Kinda forgetting about the last time a German chancellor declared the failure of multiculturalism…

…And in Britain, holocaust-denier Nick Griffin, leader of the white-supremacist British Nationalist Party (BNP) was elected to the European Parliament. That’s about the equivalent of the Grand Wizard of the KKK getting elected to congress.

I’d show you an actual picture of Nick Griffin but **** that guy…

And this is to say nothing of the escalating attacks on immigrants across Europe. Why? Because many Europeans and Americans are buying into the idea that the values, traditions, culture, and beliefs of other people are a direct threat to them. I recall in college on particularly nasty student who asserted that “All immigrants should go home”. Interesting, considering he had an Italian last name. Does he mean that he too will leave America? Of course not. Does he mean the Canadians who attended that school? Not at all. “Immigrants” was simply code for those “undesirable brown people”. But don’t take the words of one bigoted student as evidence of this ugly trend- just look at Congressman Steve King’s attempt to make English the “Official Language” of the US!

Now why on earth would you try to make English the official language of the US? It’s not like the vast majority doesn’t already speak it. And what if we did speak Spanish? How would it make a difference to anyone what we speak… unless English was somehow viewed as “inherent” to America!

There’s really part of the problem. It’s a perspective on society. Back in College, I had a conservative friend whose opposition to gay marriage was that “the traditional family is the building block of society, and changing the family weakens society”. I’m not saying he’s a fascist- not at all, but this view of society as a solid, unchanging thing is what really serves to create so much of the general bigotry and outright fascism that we see today. When society’s well-being is linked to culture, to maintain society is to maintain culture, and while there’s a certain logic there, all too often it’s taken to mean that every aspect of culture, right down to traditional gender roles, religion, and racial demographics, must be controlled. It’s the reason why you see Muslims, immigrants, homosexuals, or as the past couple days have shown us, Sikhs, targeted. And don’t for a minute imagine that it’s just Aryans who take up this line of thought. I recently had an encounter with an Asian immigrant who cited that his country was once upon a time a “Christian country”, and that he was concerned at Hindus, Buddhists, and the like building places of worship in his community.

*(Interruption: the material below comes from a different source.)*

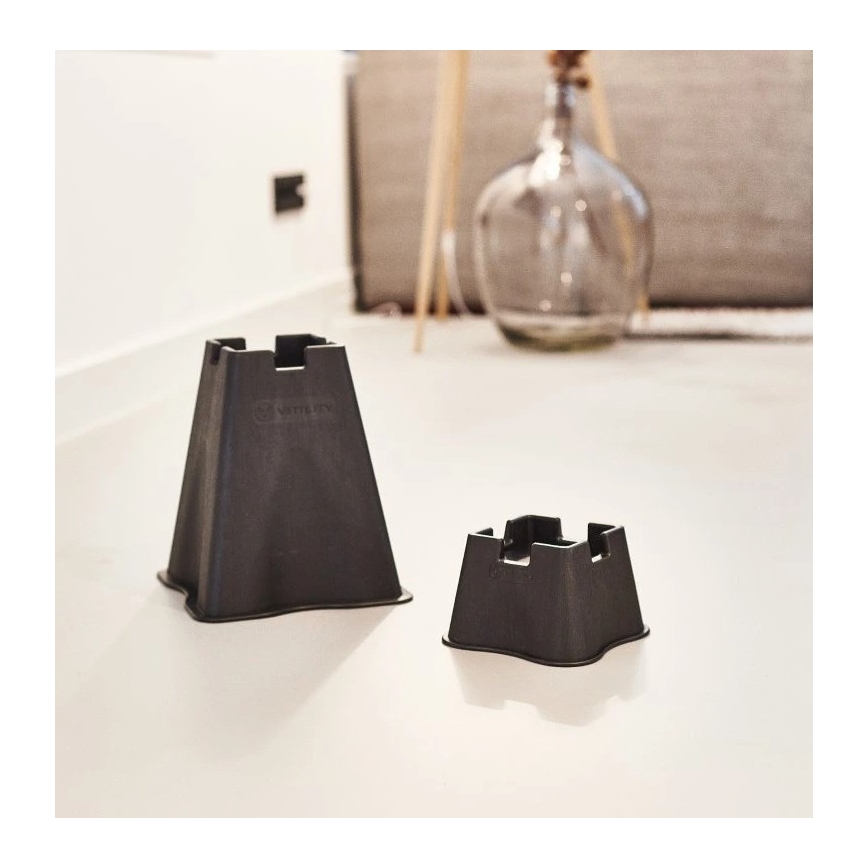 Vitility - Sæt med 4 stk. sengeforhøjere, 7 cm, sort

Only where does it end? Suppose you argue that non-Christians should be excluded from a country because their cultures threaten the stability of the nation- what the minority groups? I always want to bring this up when I hear someone make the argument that America is a “Christian Country”- does that include the Mormons and Jehovah’s witnesses? What about Unitarians? Episcopalians? Catholics? Mennonites?

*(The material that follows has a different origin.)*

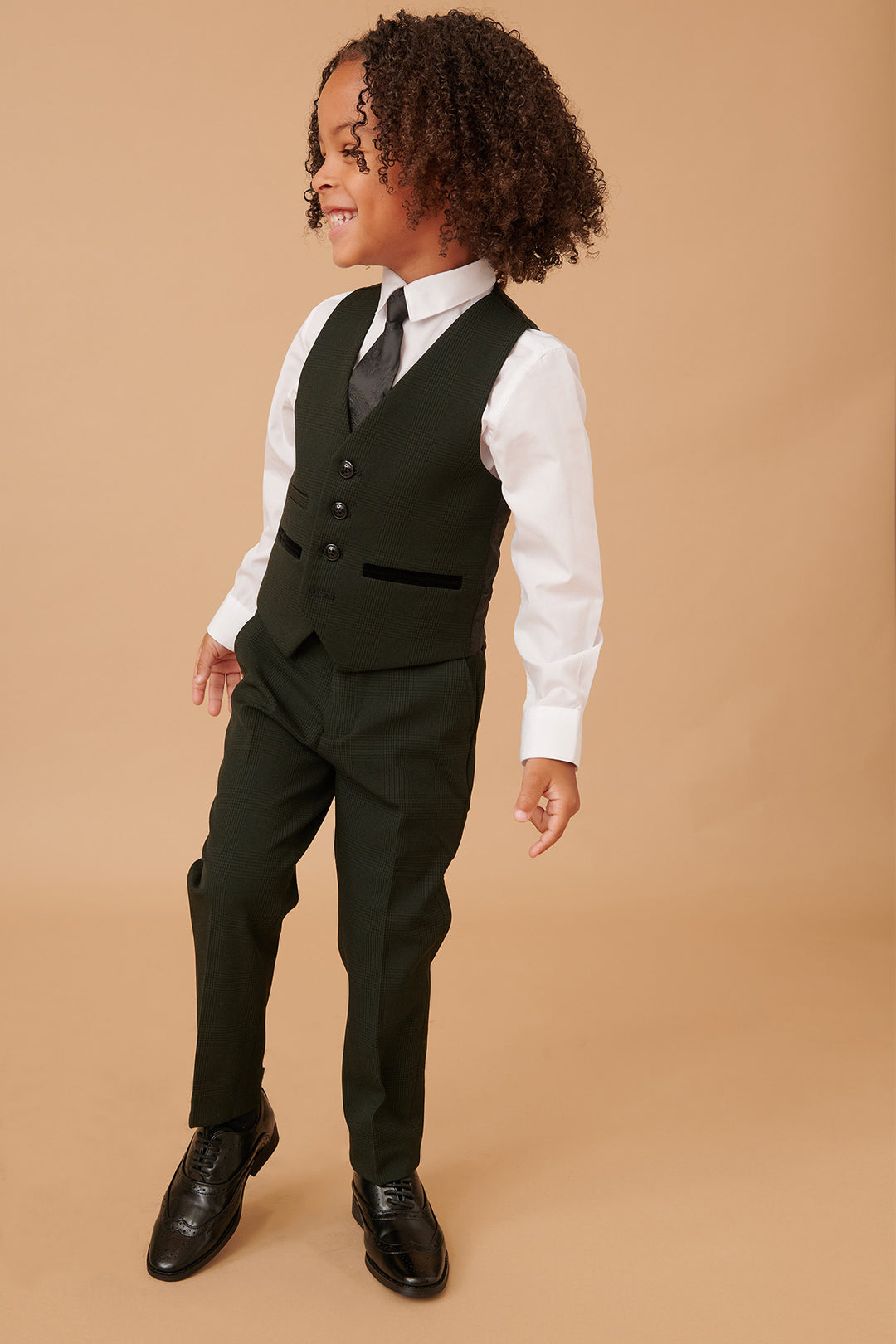 Marc Darcy Bromley Olive Green Check Boys Three Piece Suit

That’s the crux of the matter. The Fascists- both the self-declared and the self-deluded- would have us believe that we’re all hopelessly divided. That we cannot respectfully disagree with each other. That you can’t speak Mandarin and I can’t speak Arabic and the two of us get along. That multiculturalism is a fantasy. That we can’t have our own practices and perspectives while all agreeing, to some degree, on how to live together. We’re meant to live in constant fear that if we tolerate anyone who doesn’t fit in, there goes our way of life.

So let it go.

This will be harder for some than others…

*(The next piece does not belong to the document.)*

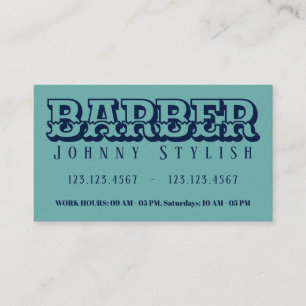 Djärv blåttduo tonar vintagestilbarberaren visitkort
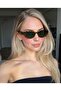 Stella Leopard Cat Eye Polarized Lens Red Geometric Cut Handle Detailed Acetate Metal Hinged Sunglasses - 3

The title of this blog is the Culture War Reporters, and perhaps what needs to be understood is that the culture war isn’t something that can (or should) be won. There’s always going to be divergence in opinion and in behavior. There’s always going to be new things coming in, and old things struggling to stay on. There’s always going to be good stuff and bad, so at the end of the day, why worry? Don’t buy the idea that culture can be maintained, or that one group has found all the answers. For all the dark content about murders, genocide, and the like, strange a line from Disney’s Ratatouille should fit so appropriately. Defending his lifestyle against the accusation that it’s “against nature”, Remy the rat declares that “Change is nature”.